# DIRECTIONS:
Every line from the one with "this 845×633 image." to the end of the data needs to be copied exactly, and no line before it.

[Images for object localization]
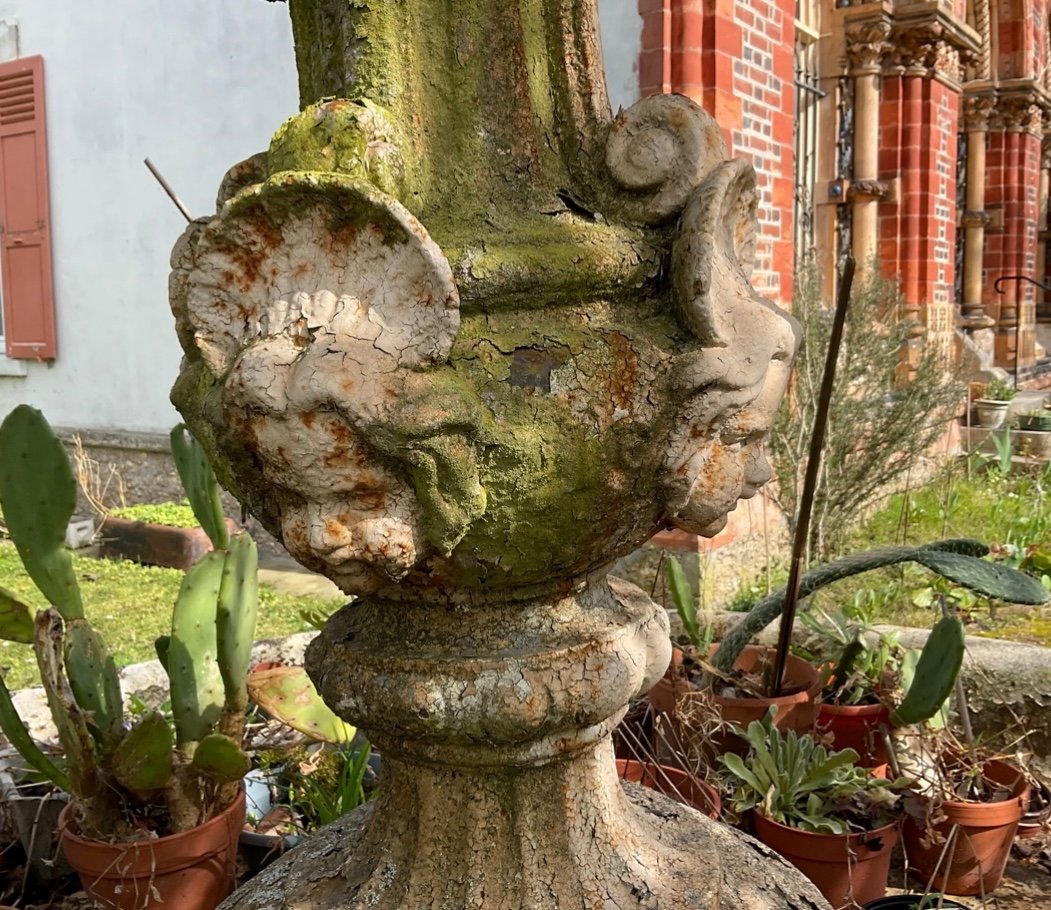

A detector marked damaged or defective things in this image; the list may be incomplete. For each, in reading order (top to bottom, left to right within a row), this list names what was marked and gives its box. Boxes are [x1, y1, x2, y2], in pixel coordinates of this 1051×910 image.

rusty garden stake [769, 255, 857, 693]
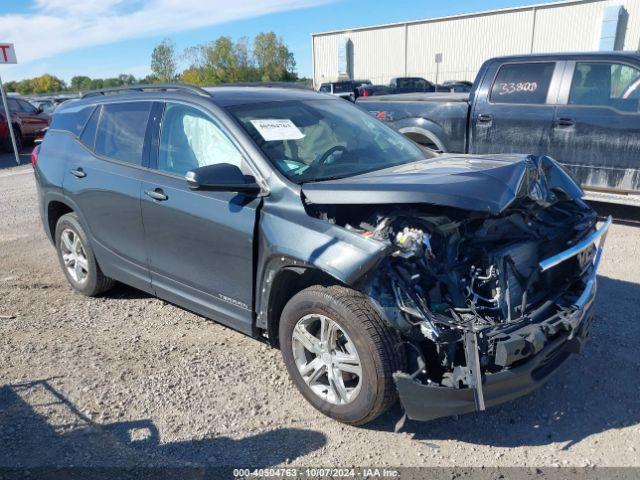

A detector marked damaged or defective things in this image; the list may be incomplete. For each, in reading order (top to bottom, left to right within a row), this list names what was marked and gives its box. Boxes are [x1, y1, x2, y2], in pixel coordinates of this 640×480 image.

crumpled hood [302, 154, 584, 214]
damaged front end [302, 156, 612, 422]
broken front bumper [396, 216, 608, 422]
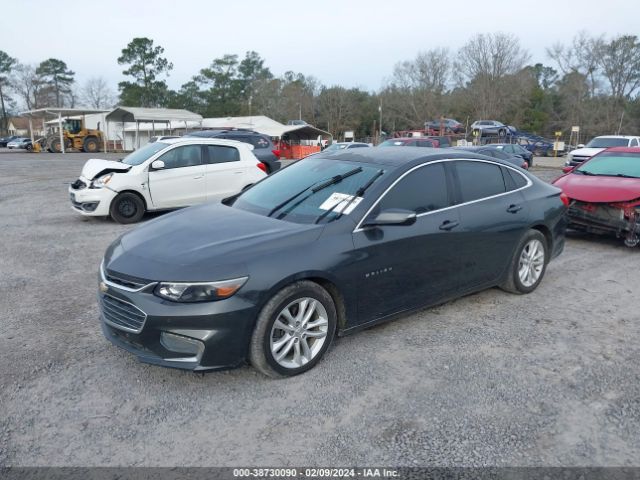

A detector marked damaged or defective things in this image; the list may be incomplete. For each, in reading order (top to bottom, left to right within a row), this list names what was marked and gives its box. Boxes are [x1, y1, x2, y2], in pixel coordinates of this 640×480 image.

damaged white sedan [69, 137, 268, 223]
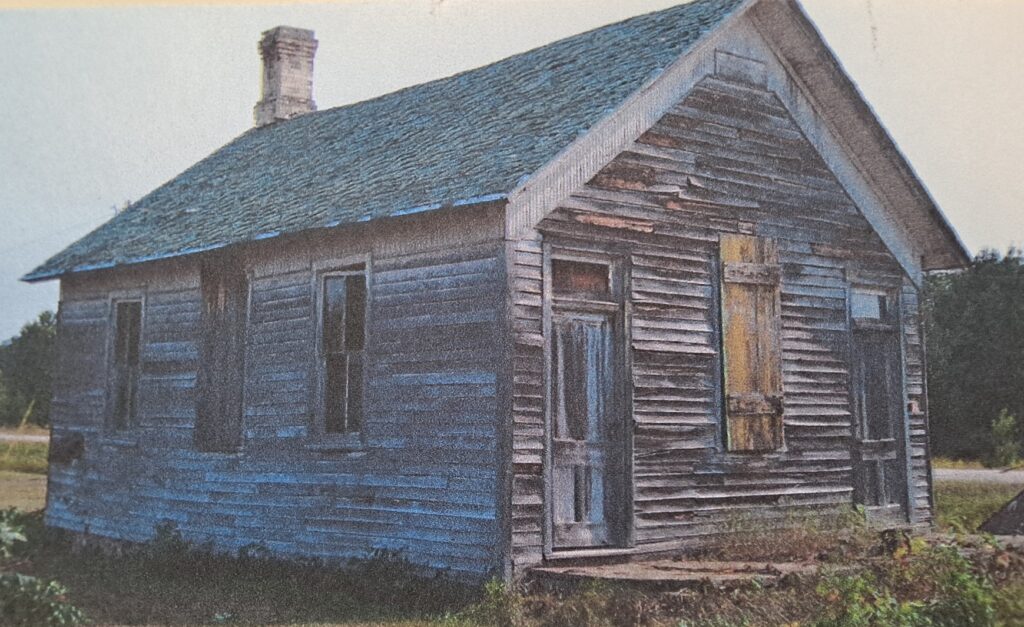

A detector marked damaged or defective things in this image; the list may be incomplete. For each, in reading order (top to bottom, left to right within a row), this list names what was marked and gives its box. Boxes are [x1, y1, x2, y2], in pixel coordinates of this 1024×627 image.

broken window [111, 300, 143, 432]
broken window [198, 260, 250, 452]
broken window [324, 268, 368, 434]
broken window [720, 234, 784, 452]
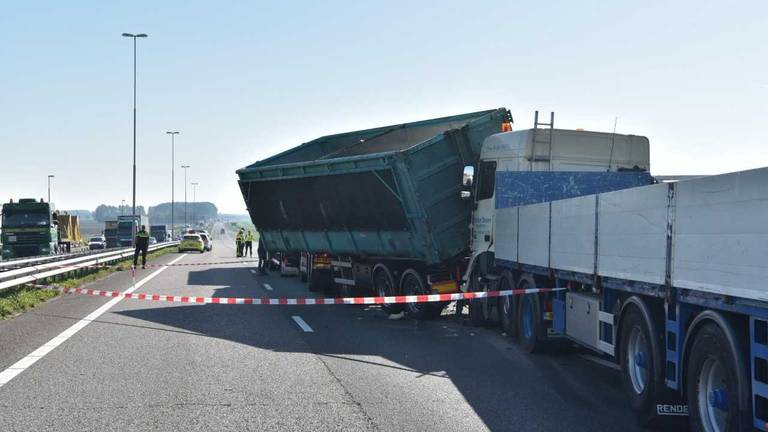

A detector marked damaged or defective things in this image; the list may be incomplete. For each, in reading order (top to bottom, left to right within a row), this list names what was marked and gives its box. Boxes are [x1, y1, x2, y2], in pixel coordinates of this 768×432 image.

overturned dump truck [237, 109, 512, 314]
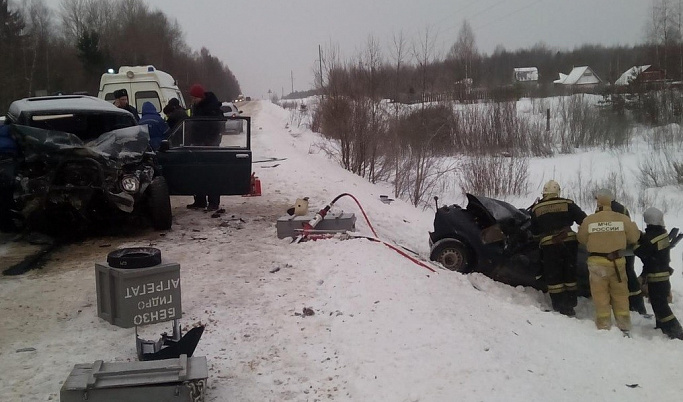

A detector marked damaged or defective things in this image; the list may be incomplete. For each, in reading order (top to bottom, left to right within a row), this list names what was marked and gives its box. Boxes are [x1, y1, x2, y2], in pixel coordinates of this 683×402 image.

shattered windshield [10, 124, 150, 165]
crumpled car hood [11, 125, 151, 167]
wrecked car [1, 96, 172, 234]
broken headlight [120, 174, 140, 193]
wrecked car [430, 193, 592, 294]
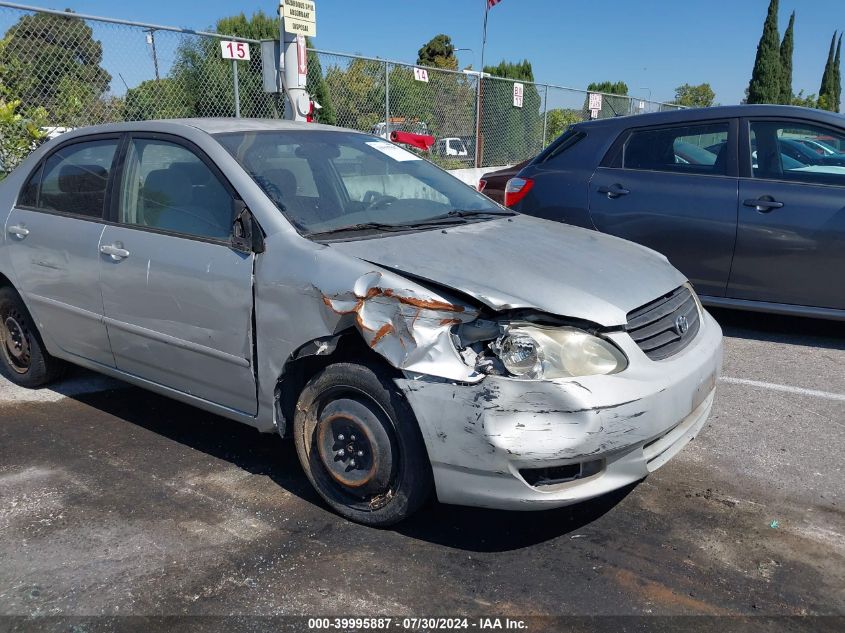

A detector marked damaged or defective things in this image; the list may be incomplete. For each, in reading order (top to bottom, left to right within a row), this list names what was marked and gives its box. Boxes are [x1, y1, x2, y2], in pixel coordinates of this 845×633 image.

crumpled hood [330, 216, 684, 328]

# REPLY:
A detector marked damaged or defective things in this image; the list may be incomplete. For each, in reading order (top to bottom, left to right within a row), this list names what was marked and gives its box. Boxes are [x1, y1, x2, y2], in pixel coordinates of this 845×633 image.

crumpled hood [330, 216, 684, 328]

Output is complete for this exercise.